__Task requirements__. Transcribe the following records in full, exactly as shown.

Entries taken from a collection
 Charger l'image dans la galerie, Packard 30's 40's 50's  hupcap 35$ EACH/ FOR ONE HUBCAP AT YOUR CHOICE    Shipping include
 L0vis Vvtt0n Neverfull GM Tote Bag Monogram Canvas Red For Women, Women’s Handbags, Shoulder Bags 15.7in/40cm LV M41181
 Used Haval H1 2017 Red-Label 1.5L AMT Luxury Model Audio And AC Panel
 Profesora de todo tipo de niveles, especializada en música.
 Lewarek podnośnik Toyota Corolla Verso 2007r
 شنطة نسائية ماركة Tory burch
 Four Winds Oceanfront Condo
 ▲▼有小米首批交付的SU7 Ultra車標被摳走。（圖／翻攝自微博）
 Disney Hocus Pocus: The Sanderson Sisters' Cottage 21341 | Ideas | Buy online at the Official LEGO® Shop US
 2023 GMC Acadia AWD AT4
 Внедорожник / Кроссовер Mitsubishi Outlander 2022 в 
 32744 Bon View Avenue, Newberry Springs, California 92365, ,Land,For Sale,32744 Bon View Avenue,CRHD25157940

__Response for this exercise__.
 Charger l'image dans la galerie, Packard 30's 40's 50's  hupcap 35$ EACH/ FOR ONE HUBCAP AT YOUR CHOICE    Shipping include
 L0vis Vvtt0n Neverfull GM Tote Bag Monogram Canvas Red For Women, Women’s Handbags, Shoulder Bags 15.7in/40cm LV M41181
 Used Haval H1 2017 Red-Label 1.5L AMT Luxury Model Audio And AC Panel
 Profesora de todo tipo de niveles, especializada en música.
 Lewarek podnośnik Toyota Corolla Verso 2007r
 شنطة نسائية ماركة Tory burch
 Four Winds Oceanfront Condo
 ▲▼有小米首批交付的SU7 Ultra車標被摳走。（圖／翻攝自微博）
 Disney Hocus Pocus: The Sanderson Sisters' Cottage 21341 | Ideas | Buy online at the Official LEGO® Shop US
 2023 GMC Acadia AWD AT4
 Внедорожник / Кроссовер Mitsubishi Outlander 2022 в 
 32744 Bon View Avenue, Newberry Springs, California 92365, ,Land,For Sale,32744 Bon View Avenue,CRHD25157940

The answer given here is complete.